The events will include a presentation by Carmen Capozzi, founder of Sage’s Army, on October 19 and a Fist Bump Relay event on October 27 to raise awareness for the nonprofit and attempt to break a Guinness World Record.
The events are being organized by members of a Senior Seminar Class at Seton Hill. Each Senior Seminar class is tasked with developing a Social Action Project, and members of this class chose to raise awareness of Sage’s Army and the work they are doing with drug prevention.
“Drug abuse is a very serious issue impacting the lives of so many people throughout this region,” said Seton Hill student Kinross Obiefule, one of the students organizing the event. “Our class wanted to plan an event to raise awareness of the issue and of the work Sage’s Army is doing. We thought a world-record breaking event was an excellent way to help the organization gain exposure.”
Sage’s Army was founded by Carmen Capozzi in honor of his son, Sage Capozzi, a promising young man who lost his life to addiction. The goal of Sage’s Army is to offer support, guidance and encouragement to people who have been affected by the epidemic of drug addiction.
On October 19 at 4 p.m., Carmen Capozzi will present information on Sage’s Army and discuss the drug crisis locally in a public lecture that will be held in Cecilian Hall on the second floor of the Administration Building on Seton Hill’s campus. Capozzi will be joined by people in recovery who will share their personal stories.

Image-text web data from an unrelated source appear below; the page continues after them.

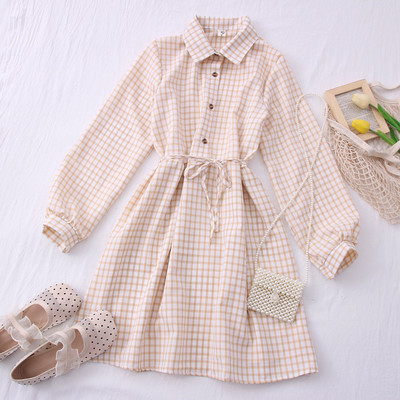 Νέο μοντέλο καρό γυναικείο φόρεμα με γιακά και ζώνη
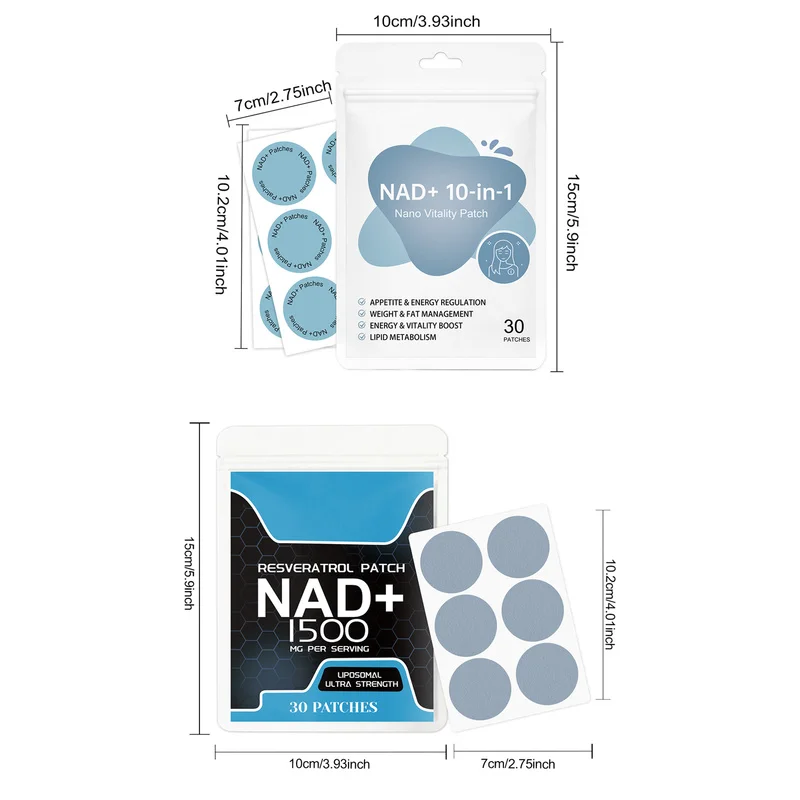 60pcs Multi-effect Wellness Patch Set NAD+ 10-in-1 Nano Vitality Patches and NAD+ Resveratrol Topical Stickers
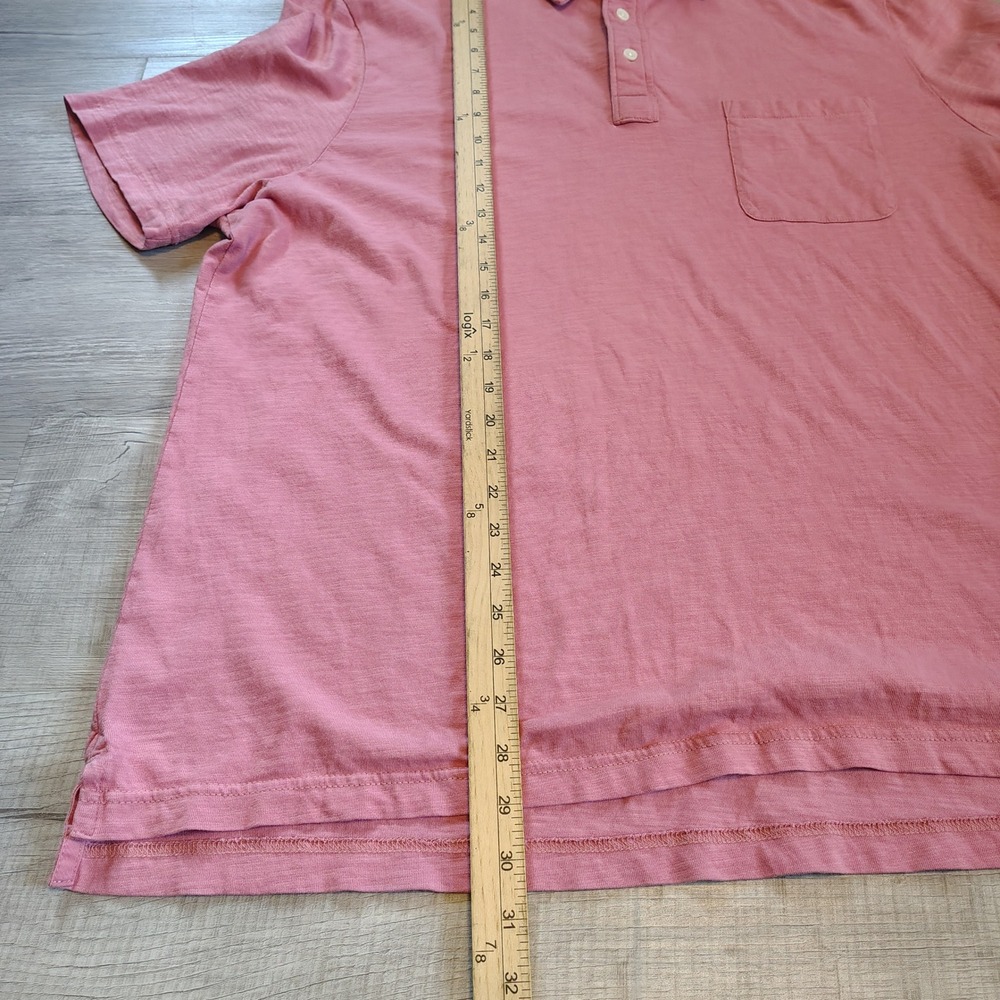 Faherty Sunwashed Organic Cotton Polo Shirt Pink XXL Mens Short Sleeve Pocket - Picture 5 of 8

On October 27 at 4 p.m., the entire campus community and the public is invited to attempt to break a Guinness World Record for the most people participating in a Fist Bump Relay. Participants will gather on the front lawn of the Administration Building and spread out along Seton Hill Drive. They will then start a chain of fist bumps going from person to person. Organizers are hoping to have at least 400 people participate. The current world record, set in Anchorage, Alaska, is 300 people.